Welcome to the Poets Weave, I'm Romayne Rubinas Dorsey. Lori, what poems have you brought for us today?
Part A. Do they even know who I am?
Such a long, cold, chilly life
Out there alone on the farm.
Plastic covering the living room furniture
Where no one ever sat,
And little living ever occurred.
Pretending my mother did not exist,
Despising your son’s decision to marry.
And the children?
Not a touch for either of us.
No birthdays, no Christmases, no celebrations
And money was definitely not the issue.
Green stamps procured what few items furnished the kitchen
With its sour tastes and smells.
Sunken pies shrunk back from their tins
As if they knew how they’d been baked
And felt terribly embarrassed.
The red henhouse, a long grape arbor, three large barns
It all sounds so good on paper.
With so little life in them,
And a stark refusal
To share in existence.
B. Could there be a warmer spot?
523 West Brown
A small bungalow on the wrong side of town
Cookies, cakes, pies, and an unmatched generosity of spirit
Huge family gatherings with no thought of cost or number.

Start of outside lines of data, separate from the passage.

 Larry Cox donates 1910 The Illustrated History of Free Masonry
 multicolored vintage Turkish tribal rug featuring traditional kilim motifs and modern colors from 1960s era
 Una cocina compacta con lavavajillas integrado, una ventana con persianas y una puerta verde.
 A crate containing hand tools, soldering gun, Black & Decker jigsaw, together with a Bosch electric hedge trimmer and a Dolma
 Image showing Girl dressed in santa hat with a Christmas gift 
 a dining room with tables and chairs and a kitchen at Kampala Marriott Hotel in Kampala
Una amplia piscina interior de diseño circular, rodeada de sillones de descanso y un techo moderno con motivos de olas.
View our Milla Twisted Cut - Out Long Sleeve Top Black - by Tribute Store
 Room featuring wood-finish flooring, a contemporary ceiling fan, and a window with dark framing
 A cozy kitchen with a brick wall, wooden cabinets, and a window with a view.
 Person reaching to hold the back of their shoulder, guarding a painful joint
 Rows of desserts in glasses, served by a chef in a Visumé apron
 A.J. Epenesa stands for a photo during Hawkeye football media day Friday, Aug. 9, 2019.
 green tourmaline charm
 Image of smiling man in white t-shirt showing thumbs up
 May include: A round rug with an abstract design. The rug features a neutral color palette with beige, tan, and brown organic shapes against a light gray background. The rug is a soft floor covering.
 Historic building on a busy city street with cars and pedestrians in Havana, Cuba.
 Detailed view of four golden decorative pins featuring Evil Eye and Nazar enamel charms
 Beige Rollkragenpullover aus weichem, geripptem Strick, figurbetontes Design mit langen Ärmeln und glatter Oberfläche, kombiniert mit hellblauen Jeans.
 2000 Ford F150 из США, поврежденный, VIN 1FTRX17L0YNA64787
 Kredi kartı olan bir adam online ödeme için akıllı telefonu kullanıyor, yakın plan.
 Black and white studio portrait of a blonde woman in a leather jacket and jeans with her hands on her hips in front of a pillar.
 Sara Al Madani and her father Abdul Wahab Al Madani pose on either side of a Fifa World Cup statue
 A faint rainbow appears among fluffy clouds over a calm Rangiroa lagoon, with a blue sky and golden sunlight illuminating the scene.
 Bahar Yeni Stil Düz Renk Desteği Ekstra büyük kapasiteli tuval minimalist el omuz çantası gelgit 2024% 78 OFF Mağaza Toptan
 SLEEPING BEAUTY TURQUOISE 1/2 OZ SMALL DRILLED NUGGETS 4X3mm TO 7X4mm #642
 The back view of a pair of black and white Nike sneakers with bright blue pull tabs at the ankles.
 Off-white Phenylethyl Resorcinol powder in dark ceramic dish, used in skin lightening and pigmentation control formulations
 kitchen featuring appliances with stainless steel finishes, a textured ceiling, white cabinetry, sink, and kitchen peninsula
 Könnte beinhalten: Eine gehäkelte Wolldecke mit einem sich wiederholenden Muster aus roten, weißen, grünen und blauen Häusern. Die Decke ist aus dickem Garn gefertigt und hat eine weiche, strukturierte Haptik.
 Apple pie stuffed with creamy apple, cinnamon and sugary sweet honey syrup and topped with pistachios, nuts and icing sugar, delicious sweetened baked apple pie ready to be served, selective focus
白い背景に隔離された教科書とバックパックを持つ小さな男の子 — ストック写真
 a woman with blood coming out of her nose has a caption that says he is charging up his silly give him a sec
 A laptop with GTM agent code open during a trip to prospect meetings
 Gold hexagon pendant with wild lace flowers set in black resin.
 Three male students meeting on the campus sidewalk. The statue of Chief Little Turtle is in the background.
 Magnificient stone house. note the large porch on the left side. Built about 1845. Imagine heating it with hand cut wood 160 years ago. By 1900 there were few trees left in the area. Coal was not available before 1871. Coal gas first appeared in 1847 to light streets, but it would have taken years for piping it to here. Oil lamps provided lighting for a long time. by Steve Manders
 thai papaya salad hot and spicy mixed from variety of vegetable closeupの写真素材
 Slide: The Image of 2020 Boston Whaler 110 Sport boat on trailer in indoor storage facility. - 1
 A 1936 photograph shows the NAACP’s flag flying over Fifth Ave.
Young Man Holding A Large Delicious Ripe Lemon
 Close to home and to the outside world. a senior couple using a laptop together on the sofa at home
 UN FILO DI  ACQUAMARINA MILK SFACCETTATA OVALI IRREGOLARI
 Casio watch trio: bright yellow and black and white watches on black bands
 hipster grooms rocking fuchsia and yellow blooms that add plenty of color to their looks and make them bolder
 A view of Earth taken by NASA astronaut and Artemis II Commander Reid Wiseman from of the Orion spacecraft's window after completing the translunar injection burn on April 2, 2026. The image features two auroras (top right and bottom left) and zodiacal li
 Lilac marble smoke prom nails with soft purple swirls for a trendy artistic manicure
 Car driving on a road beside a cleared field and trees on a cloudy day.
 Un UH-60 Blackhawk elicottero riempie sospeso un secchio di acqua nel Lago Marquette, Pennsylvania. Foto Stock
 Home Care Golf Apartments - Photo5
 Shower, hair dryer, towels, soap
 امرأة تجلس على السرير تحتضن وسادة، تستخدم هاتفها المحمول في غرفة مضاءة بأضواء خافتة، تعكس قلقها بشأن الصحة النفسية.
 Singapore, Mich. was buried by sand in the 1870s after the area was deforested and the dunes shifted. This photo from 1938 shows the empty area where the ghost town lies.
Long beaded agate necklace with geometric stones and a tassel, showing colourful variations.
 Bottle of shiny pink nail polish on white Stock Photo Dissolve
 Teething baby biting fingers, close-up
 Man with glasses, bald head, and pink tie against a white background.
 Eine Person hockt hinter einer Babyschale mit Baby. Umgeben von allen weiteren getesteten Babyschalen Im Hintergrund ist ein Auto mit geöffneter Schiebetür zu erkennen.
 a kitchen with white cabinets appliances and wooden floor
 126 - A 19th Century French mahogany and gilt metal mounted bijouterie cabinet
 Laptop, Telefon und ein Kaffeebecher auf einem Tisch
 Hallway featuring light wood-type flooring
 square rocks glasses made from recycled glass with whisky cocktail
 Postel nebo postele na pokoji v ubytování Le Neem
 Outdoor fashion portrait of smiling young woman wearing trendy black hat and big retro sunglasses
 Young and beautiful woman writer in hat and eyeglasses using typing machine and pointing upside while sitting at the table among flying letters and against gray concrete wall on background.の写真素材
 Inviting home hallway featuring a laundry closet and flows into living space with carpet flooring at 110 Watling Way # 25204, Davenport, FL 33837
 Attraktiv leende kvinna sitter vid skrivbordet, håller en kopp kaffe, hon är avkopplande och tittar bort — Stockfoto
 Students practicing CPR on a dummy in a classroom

“Have you got the bakery going, Mam?”
Was always my mother’s greeting.
Homemade noodles and freshly baked bread
Wafted toward us as we entered.
A deep resonance of warmth and peace
I never wanted to leave.
Cozy couches and overstuffed chairs,
Pictures and albums of everyone’s wedding,
The faces of my cousins surrounding me.
“12 grandchildren!!” My grandma would often exclaim...
“No regrets! Lori, I don’t have any regrets!!”
The deep reassurance of hearing who she was and who I was
And who I might become.
With over fifty years of loving union
The air resounded with a harmony
That seemed everlasting.
The best grandparents in the universe.
One set was really all I needed.
I can still hear them.
No gentle lowing or soothing baas
Only frantic braying and animal screams,
Swallowing our truck in the gritty dawn.
Ripped from their gentle pastures and barns,
The young ones were especially prized.
Their days of shelter suddenly over,
They sensed where they were headed.
We, too, were children, scared, locked inside the truck,
Two siblings surrounded by that fearful clamor…
Dad jabbed at the cows with an electric prod,
Heavy hooves hammered the truck’s shaking bed.
A different type of harvest,
Those disappearing animal families.
My love for the farm betrayed again.
An ugly lesson in sacrifice and survival.
Did we ask to go in there?
My brother and I
Riding along with our farmer dad,
Before school structured our lives,
Shielding us from certain realties.
Suddenly, we find ourselves inside, behind the meat counter.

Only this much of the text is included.